WASHINGTON -- The drafting of new campus safety rules under the Clery Act is reigniting some of the debate over what standard of evidence colleges should be required to adopt in campus disciplinary proceedings involving sexual assault.
Education Department officials on Monday released their first proposal for new campus safety regulations to conform with changes Congress made last March to the Clery Act. The proposal spells out how institutions must handle new, expanded crime reporting requirements, such as including instances of domestic violence, dating violence and stalking in their published crime statistics.
The department’s proposal would also require campus disciplinary proceedings to comply with guidance by the Education Department’s Office for Civil Rights, which in 2011 told colleges they must use a “preponderance of the evidence” standard for campus disciplinary proceedings involving sexual assault.

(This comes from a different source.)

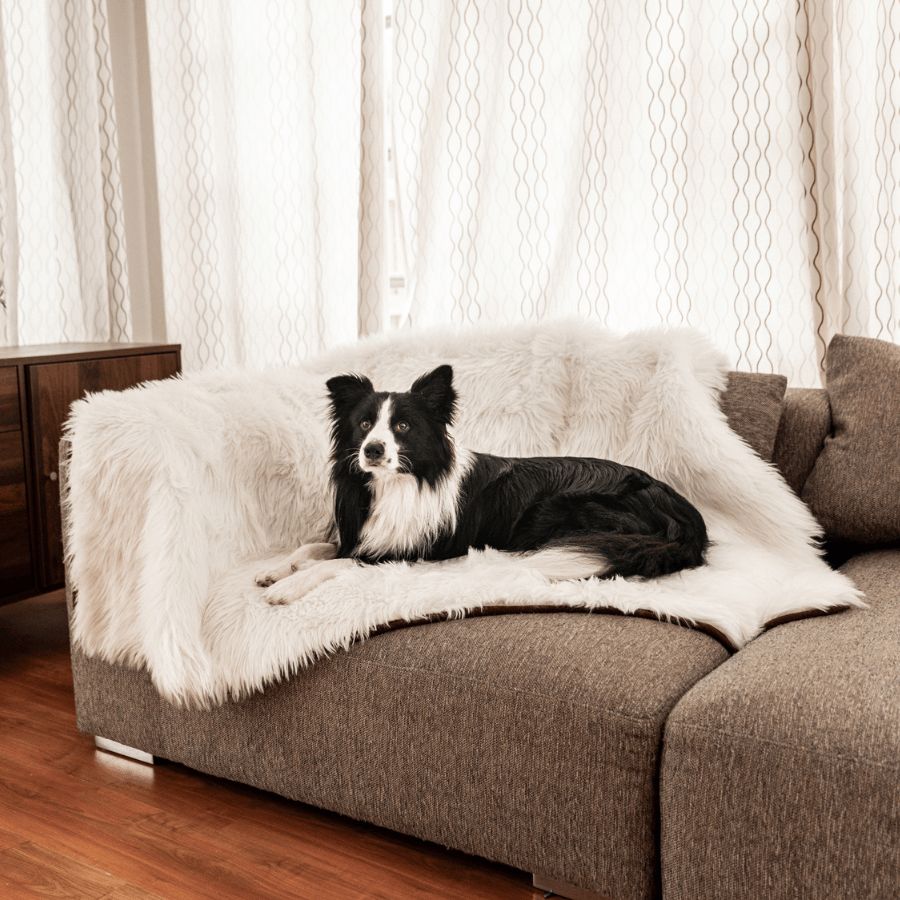 PupProtector™ Waterproof Throw Blanket in Polar White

The administration said that colleges must use that standard -- as opposed to the higher, "clear and convincing" evidence standard that many institutions had been using -- in order to be in compliance with Title IX, the federal law barring sex discrimination by educational institutions.
Some individual rights organization criticized that 2011 guidance, calling it unfair and unjust for accused students to face a lower standard of evidence. Victims’ rights and campus safety advocates, meanwhile, praised the administration’s interpretation of Title IX and have argued that the lower evidentiary standard is needed in order to combat the problem of sexual violence on college campuses.
During debate on the Campus SaVE Act over the past several years, many of those campus safety advocates pushed Congress to codify the Obama administration’s guidance on the evidentiary standard into federal law. But, at the insistence of individual rights organizations, such a provision was stripped from the final version of the Clery Act changes that passed the House and Senate and signed into law by the president.
The Clery Act is silent on evidentiary procedures but it now requires colleges to provide “prompt, fair and impartial” campus disciplinary proceedings. In defining what constitutes “prompt, fair and impartial,” Monday’s proposal from the department says that the proceedings must “comply with guidance issued by the U.S. Department of Education’s Office for Civil Rights.”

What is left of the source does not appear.